Inherent Vice

December marked the end of my year of monthly collaboration with Mary at Spring Leaf Press. Our final project emphasized communication without text, or representational images. Oddly enough, we both chose a similar technique to set the mood of our books.

I was reading about batik techniques and came across a process where one dropped wax on black velvet to protect the color and bleached out the remaining material. I decided to try the same technique with paper. I wanted my book to feel intimate, so I sized it to fit in the hand. I dipped the edges of each sheet in wax in order to maintain the original color and texture of the paper. Next, I saturated each sheet with black fiber reactive dye and while the paper was still wet applied a bleach solution. Although I directed the initial flow of bleach, the end result was unpredictable and each page was a surprise. I bound the pages with a chain stitch and made a wrap around case for it. When I flipped through the finished product, the pages gave me a sense of nostalgia and brought to mind polaroids with processing mishaps.
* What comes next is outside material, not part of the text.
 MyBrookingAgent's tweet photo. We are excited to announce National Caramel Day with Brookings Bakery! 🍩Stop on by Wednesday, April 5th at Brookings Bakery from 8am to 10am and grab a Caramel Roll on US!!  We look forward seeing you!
Mary and I are doing a second collaboration, with a new set of parameters for 2012.

Valley of the doll

Often, when I begin a project I have (mislaid) hopes that it will be pretty. Instead it turns out… wrong. Not in a sense of craftsmanship, or intention, but in a sense of that ain’t right. Mostly, I’m okay with that and occasionally I turn out an elegantsugarpuppy. This isn’t one of those.

Her name is Heidi Hydra, aptly named by her new keeper. I’ve been intrigued by art toys for some time and, more recently, plush dolls. Heidi is the second of what was going to be a series, but I was distracted by other projects (Images of the first can be found here).
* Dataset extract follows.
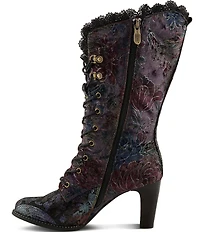 L'ARTISTE Forutaluv Floral Embossed Suede Lace Up Boots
Heidi is around twenty-four inches tall, hand-dyed (fiber reactive) and hand and machine sewn from what was once a favorite linen skirt. My friend, Karen B., was kind enough to create her bustier and skirt (also from a pre-existing garment). Heidi has a small pocket over her heart and another where her head should be. I like to think of that one as a retractable stomach, like those of some echinoderms–  I know, every doll should have one.